The issue is not whether liberal democracy is a perfect system, or whether capitalism doesn't have problems. After all, we've been thrown into this huge global recession because of the failure of unregulated markets. The real question is whether any other system of governance has emerged in the last 20 years that challenges this. The answer remains no.
Now, that essay was written in the winter of 1988 or '89 just before the fall of the Berlin Wall. I wrote it then because I thought that the pessimism about civilization that we had developed as a result of the terrible 20th century, with its genocides, gulags, and world wars, was actually not the whole picture at all. In fact, there were a lot of positive trends going on in the world, including the spread of democracy where there had been dictatorship. Sam Huntington called this "the third wave."
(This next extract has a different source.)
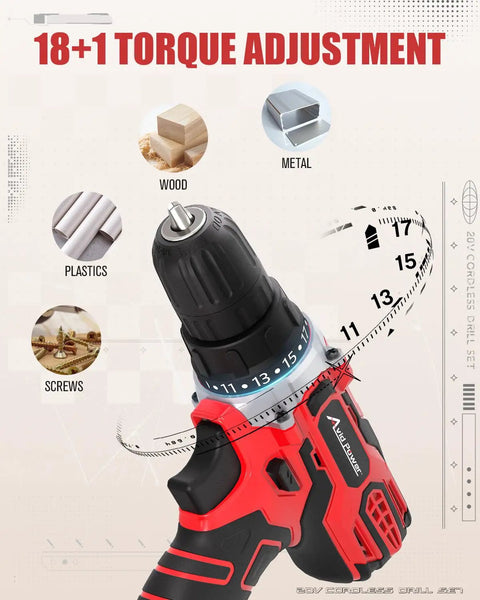 18+1 torque adjustment on 20V Max Cordless Drill Kit With Battery And Charger, Variable Speed 19-Position Clutch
It began in southern Europe in the 1970s with Spain and Portugal turning to democracy. Then – and later – you had an ending of virtually all the dictatorships in Latin America, except for Cuba. And then there was the collapse of the Berlin Wall and the opening of Eastern Europe. Beyond that, democracy displaced authoritarian regimes in South Korea and Taiwan. We went from 80 democracies in the early 1970s to 130, or 140, 20 years later.
Of course, this hasn't all held up since then. We see today a kind of democratic recession. There have been reversals in important countries like Russia, where we see the return of a nasty authoritarian system without rule of law, or in Venezuela and some other Latin American countries with populist regimes.
Clearly, that big surge toward democracy went as far as it could. Now there is a backlash against it in some places. But that doesn't mean the larger trend is not still toward democracy.